Md Sadik Yasir Tauki - Distributed MapReduce Framework

Distributed MapReduce Framework: Design & Performance Evaluation
Multi-threaded, distributed MapReduce system with scalability and synchronization analysis

Project Overview
In this project, I designed and evaluated a simplified distributed MapReduce framework that supports parallel execution of data-processing applications such as Word Count and Grep.

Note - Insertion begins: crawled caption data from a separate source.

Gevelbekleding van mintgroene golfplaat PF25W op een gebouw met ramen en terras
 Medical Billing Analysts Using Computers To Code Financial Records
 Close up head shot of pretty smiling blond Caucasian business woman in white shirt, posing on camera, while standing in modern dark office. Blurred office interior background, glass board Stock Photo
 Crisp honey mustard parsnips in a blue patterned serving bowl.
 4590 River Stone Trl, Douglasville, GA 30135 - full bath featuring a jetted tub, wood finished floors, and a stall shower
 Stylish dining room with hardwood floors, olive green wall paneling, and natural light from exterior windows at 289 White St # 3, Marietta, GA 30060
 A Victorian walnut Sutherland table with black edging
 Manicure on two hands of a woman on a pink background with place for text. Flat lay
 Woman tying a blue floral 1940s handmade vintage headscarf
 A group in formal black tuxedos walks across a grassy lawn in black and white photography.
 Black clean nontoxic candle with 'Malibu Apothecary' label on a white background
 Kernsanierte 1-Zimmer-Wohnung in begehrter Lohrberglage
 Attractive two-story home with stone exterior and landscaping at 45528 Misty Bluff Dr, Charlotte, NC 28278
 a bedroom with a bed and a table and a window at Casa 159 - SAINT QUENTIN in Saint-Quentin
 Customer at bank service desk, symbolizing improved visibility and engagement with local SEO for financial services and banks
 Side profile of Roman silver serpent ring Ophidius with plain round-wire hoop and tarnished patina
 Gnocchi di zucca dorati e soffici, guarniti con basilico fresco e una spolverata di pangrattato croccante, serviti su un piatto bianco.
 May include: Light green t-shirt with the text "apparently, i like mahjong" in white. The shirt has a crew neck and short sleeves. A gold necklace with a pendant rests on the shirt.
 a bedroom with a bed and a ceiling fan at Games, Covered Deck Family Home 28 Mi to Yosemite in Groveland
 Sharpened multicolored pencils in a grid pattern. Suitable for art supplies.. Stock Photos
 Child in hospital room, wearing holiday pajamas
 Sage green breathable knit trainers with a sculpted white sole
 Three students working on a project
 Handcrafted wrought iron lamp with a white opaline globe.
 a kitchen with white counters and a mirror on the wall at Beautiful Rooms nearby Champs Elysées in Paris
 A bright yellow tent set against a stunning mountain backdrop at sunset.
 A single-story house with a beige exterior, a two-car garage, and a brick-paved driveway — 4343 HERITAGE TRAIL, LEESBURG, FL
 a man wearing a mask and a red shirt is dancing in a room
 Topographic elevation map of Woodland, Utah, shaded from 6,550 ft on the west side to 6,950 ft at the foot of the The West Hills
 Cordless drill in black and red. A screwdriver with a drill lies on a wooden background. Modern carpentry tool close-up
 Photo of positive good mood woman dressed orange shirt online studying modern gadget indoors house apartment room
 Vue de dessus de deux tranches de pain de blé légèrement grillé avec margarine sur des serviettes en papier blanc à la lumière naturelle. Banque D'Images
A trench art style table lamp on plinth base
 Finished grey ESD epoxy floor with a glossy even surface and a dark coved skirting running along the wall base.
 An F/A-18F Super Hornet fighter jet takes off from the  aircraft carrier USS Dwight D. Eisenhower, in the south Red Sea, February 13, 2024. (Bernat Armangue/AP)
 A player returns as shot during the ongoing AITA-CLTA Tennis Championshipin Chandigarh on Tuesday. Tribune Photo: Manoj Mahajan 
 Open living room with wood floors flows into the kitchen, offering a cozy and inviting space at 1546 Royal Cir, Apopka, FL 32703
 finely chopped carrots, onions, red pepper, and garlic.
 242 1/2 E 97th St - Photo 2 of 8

The framework implements mapper–reducer coordination across multiple nodes using RPC-based communication and distributed storage, enabling systematic exploration of performance trade-offs involving parallelism, synchronization barriers, and buffer sizing.

evaluation_report.pdf

Key Features

⚙️ Implemented a complete MapReduce runtime with Mapper, Reducer, MR Master, and HDFS integration

🧵 Multi-threaded execution with configurable mapper threads and synchronization barriers

📊 Performance metrics: job completion time, scalability trends, and variance analysis

☁️ Deployed and evaluated on AWS multi-node clusters

🛠 Tooling: C/C++ system programming, RPC, HDFS, automated benchmarking

Research Contributions

Quantified the impact of barrier synchronization on end-to-end job completion time
Demonstrated strong scaling benefits with increased mapper units, validating parallel execution efficiency
Identified application-dependent bottlenecks (CPU-bound Grep vs reduce/network-bound Word Count)
Analyzed how mapper thread over-subscription leads to CPU saturation and diminishing returns

Technical Achievements

1. Designed thread-safe mapper and reducer pipelines with bounded in-memory buffers
2. Implemented sender threads to flush mapper buffers based on utilization thresholds
3. Built benchmarking workflows with repeated trials and statistical analysis (average, standard deviation)
4. Evaluated system behavior across:

# Mapper units ∈ {1, 4}

# Mapper threads ∈ {4, 8, 12, 16}

# Buffer sizes ∈ {10 KB, 100 KB, 1 MB}

# Barrier enabled vs disabled

Applications

Large-scale data processing and analytics frameworks
Distributed systems and cloud infrastructure design
Performance modeling of parallel workloads
Systems-level trade-off analysis for synchronization and buffering

Impact and Recognition

This project provides a practical, systems-level understanding of how parallelism, synchronization, and buffering interact in real-world distributed frameworks. The experimental results highlight why modern MapReduce systems carefully tune barriers and buffer sizes to maximize throughput while avoiding resource contention, making the project directly relevant to industry-scale data platforms.